#### Exercise objective:
Restate exactly the lines below, from the one containing "Ornate Scissors - Vintage Birds and Flowers" through the final line, and leave out the pictures.

#### Given entries:
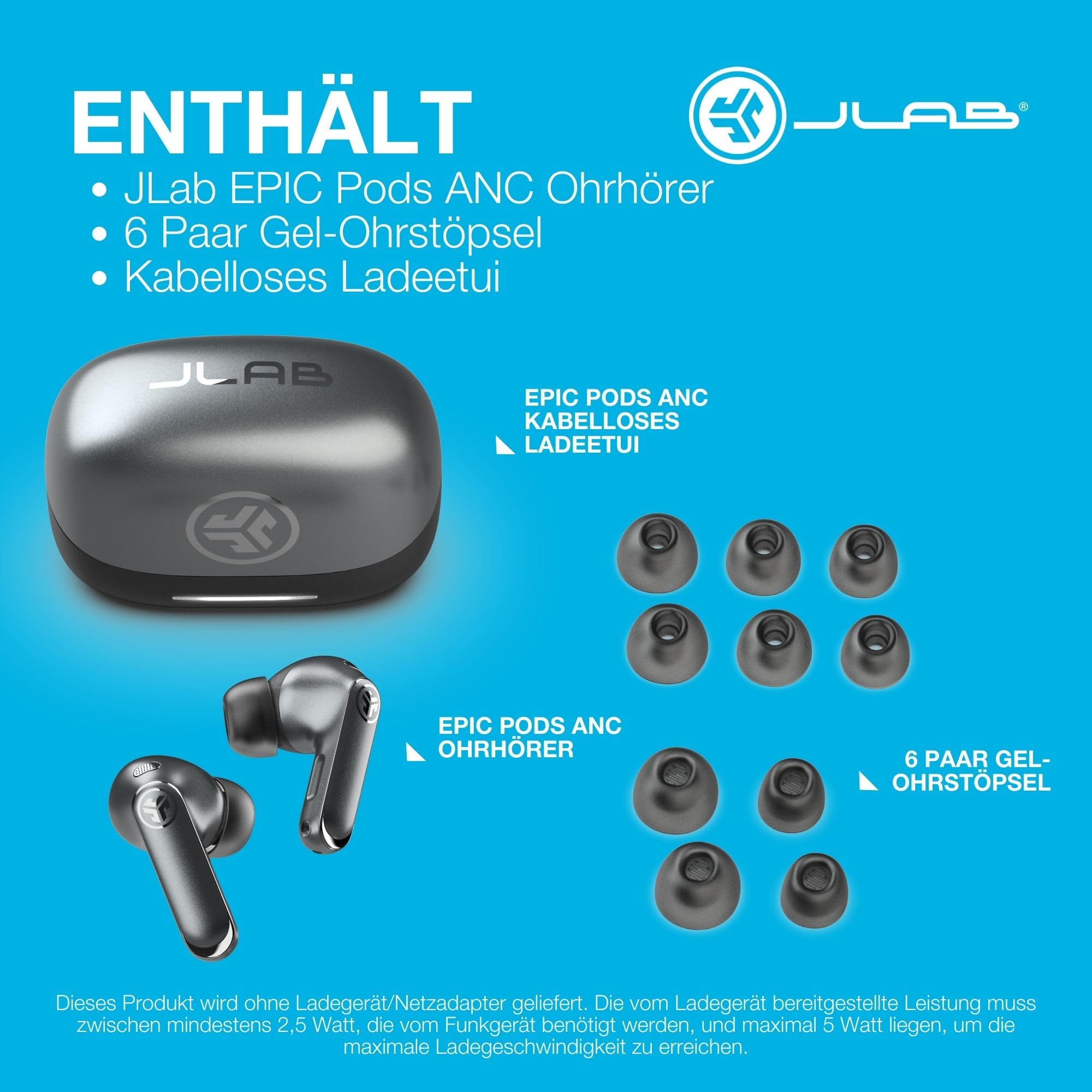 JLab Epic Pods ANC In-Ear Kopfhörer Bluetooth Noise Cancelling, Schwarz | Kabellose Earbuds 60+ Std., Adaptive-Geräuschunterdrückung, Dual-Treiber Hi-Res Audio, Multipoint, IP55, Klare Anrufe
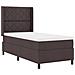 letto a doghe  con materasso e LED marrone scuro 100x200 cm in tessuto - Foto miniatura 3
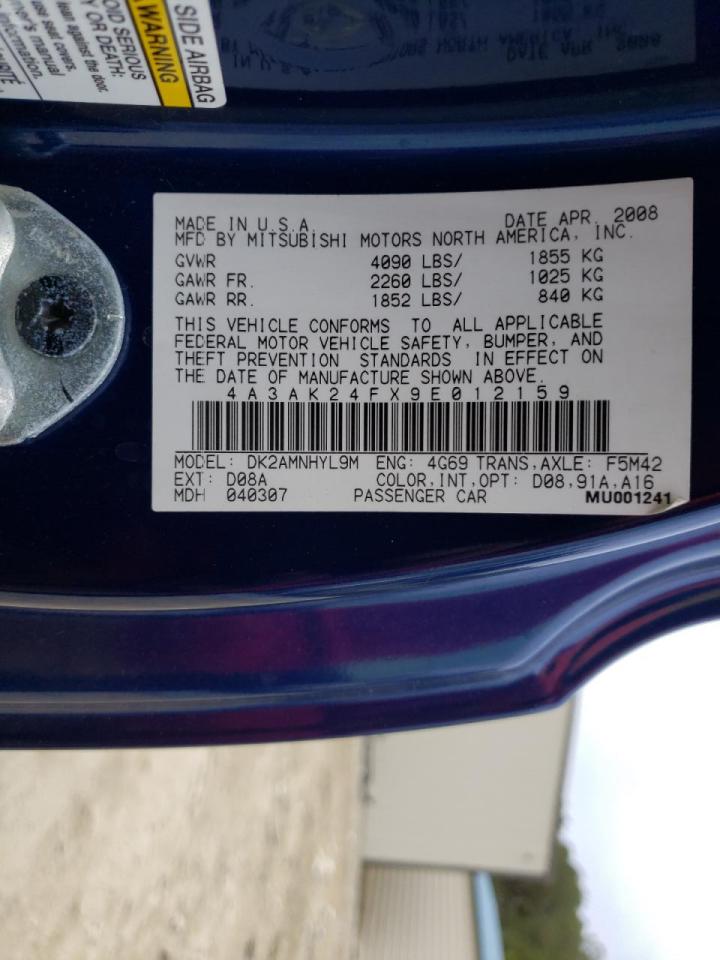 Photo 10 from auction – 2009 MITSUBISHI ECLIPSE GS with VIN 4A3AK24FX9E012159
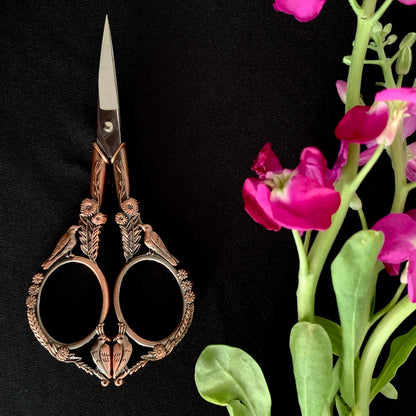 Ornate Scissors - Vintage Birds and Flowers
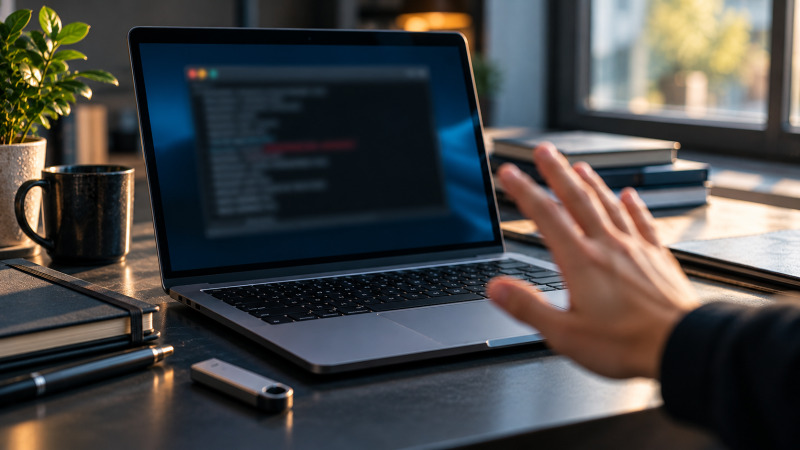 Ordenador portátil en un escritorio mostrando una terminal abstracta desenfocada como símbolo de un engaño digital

#### Written reply:
 Ornate Scissors - Vintage Birds and Flowers
 Ordenador portátil en un escritorio mostrando una terminal abstracta desenfocada como símbolo de un engaño digital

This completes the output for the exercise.